## Your task:
An exact transcription of every record is needed, leaving out the pictures.

= Beginning of Section =

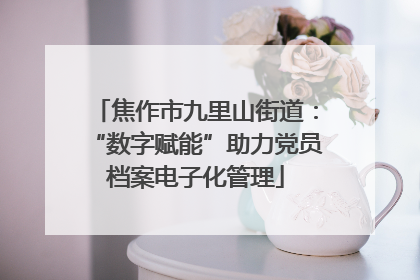 焦作市九里山街道：“数字赋能”助力党员档案电子化管理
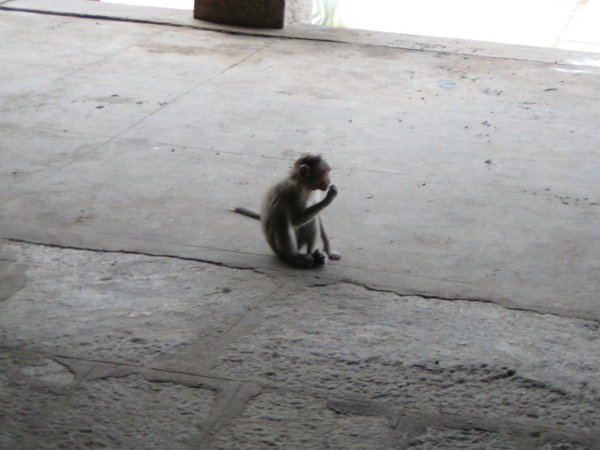 inside-a-temple-photo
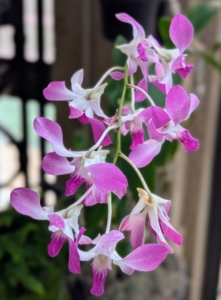 Another beautiful orchid is the Dendrobium Jaquelyn Thomas 'Uniwai Supreme.' This hybrid is part of a group of Jaquelyn Thomas orchids developed and cloned at the Universiry of Hawaii in the 1970s. The 18 to 24 inch flower spikes are topped with spoon shaped flowers in white, purple and pink.
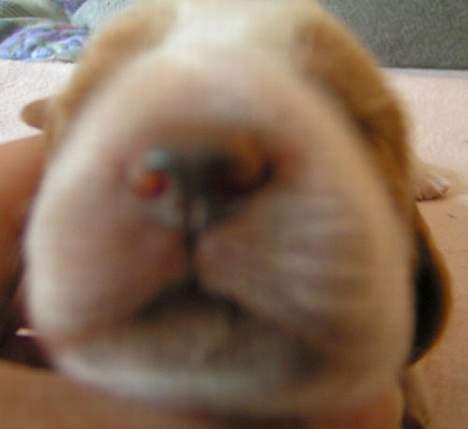 Welsh springer spaniel Chili  25 / 12 - Frk. næsvis  :-) billede 16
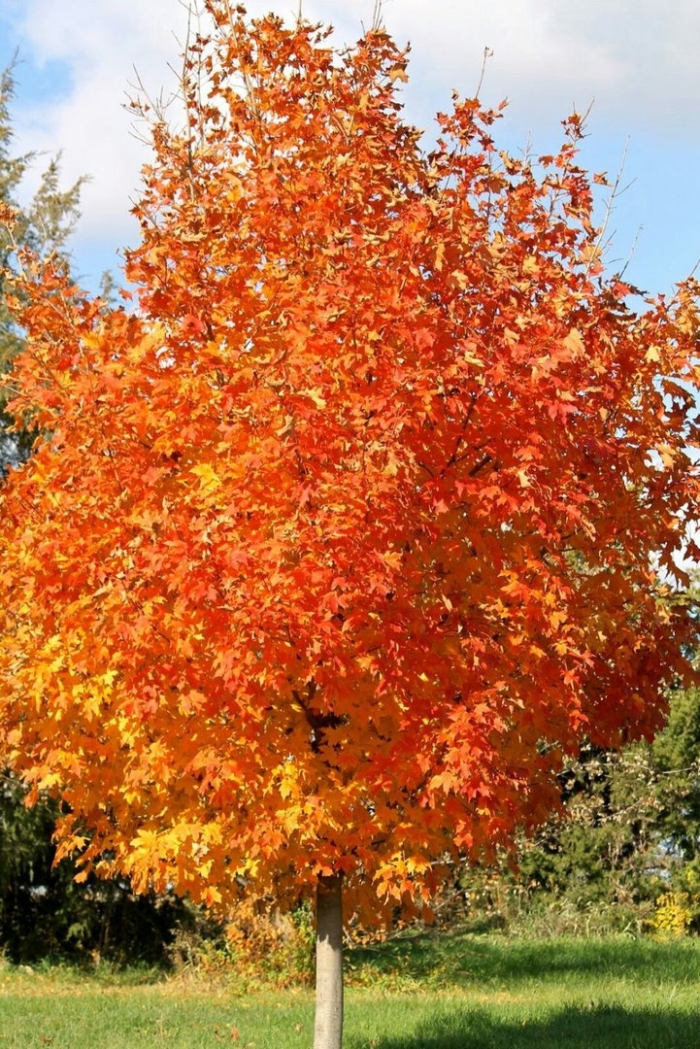 Клен серебристый acer saccharinum
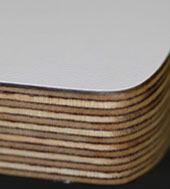 Birke Multiplex Material für Habitat-Terrarien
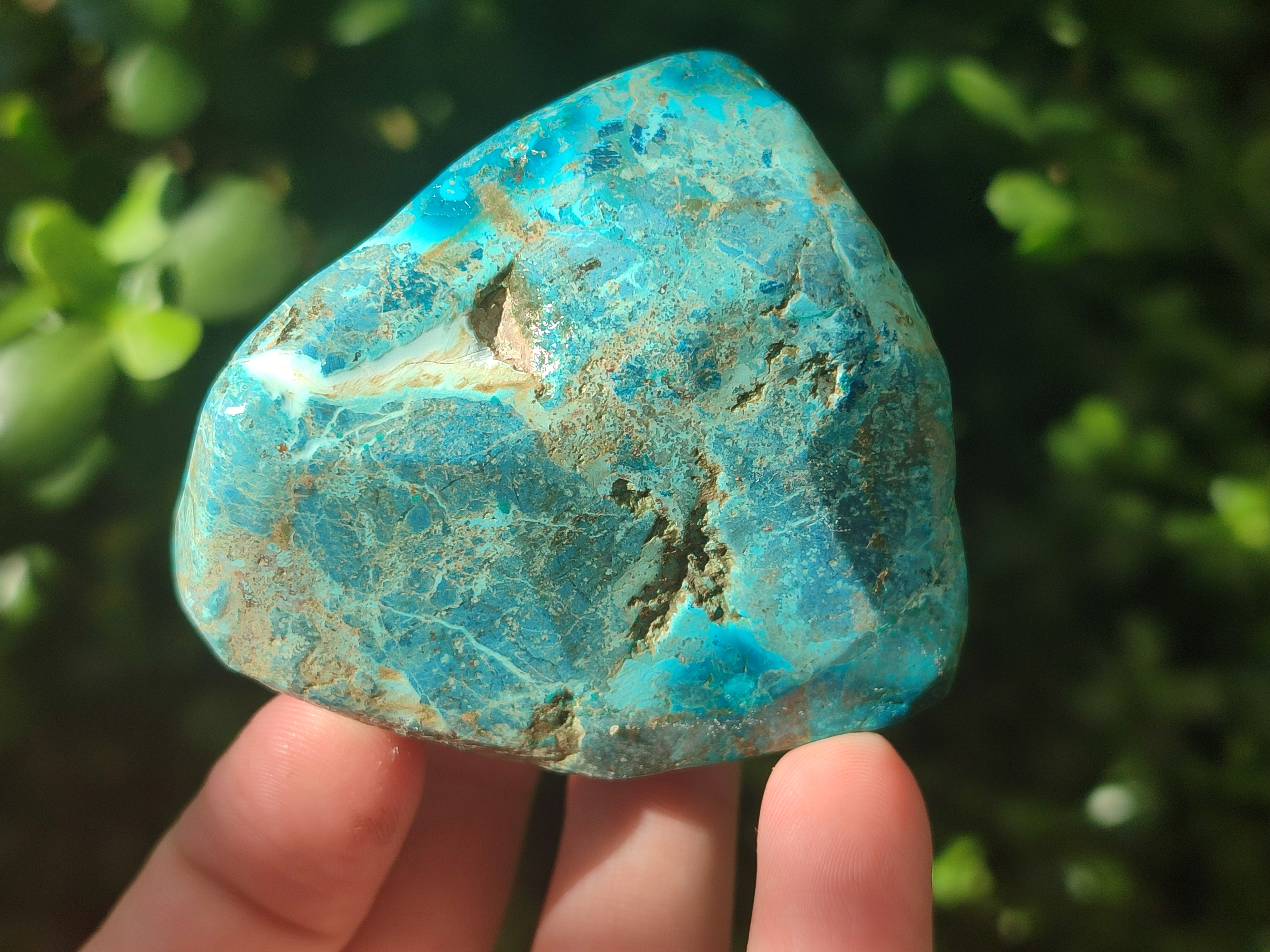 Polished Shattuckite with Azurite and Chrysocolla Free Forms x 6 From Congo - Toprock Gemstones and Minerals 
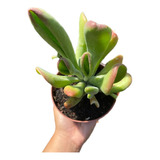 Suculenta Kalanchoe Oricula Pote 11 Grande 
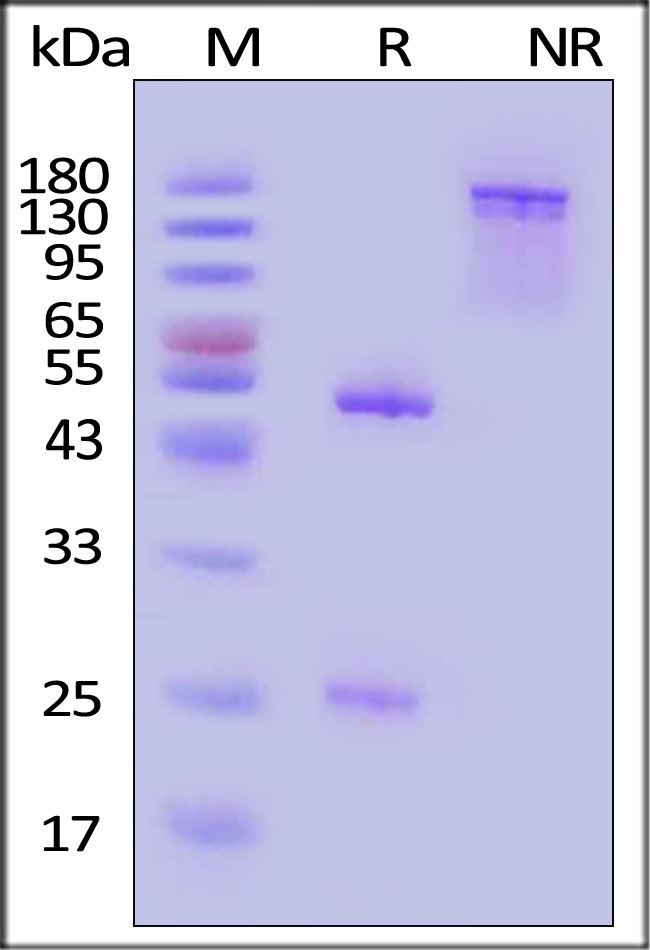 Spike S2 SDS-PAGE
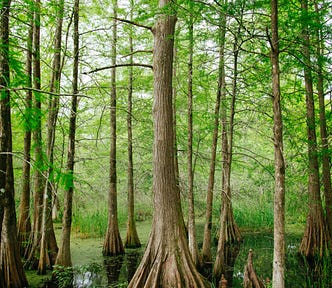 Trees in the mangroves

= End of Section =

## Answer below:
 焦作市九里山街道：“数字赋能”助力党员档案电子化管理
 inside-a-temple-photo
 Another beautiful orchid is the Dendrobium Jaquelyn Thomas 'Uniwai Supreme.' This hybrid is part of a group of Jaquelyn Thomas orchids developed and cloned at the Universiry of Hawaii in the 1970s. The 18 to 24 inch flower spikes are topped with spoon shaped flowers in white, purple and pink.
 Welsh springer spaniel Chili  25 / 12 - Frk. næsvis  :-) billede 16
 Клен серебристый acer saccharinum
 Birke Multiplex Material für Habitat-Terrarien
 Polished Shattuckite with Azurite and Chrysocolla Free Forms x 6 From Congo - Toprock Gemstones and Minerals 
 Suculenta Kalanchoe Oricula Pote 11 Grande 
 Spike S2 SDS-PAGE
 Trees in the mangroves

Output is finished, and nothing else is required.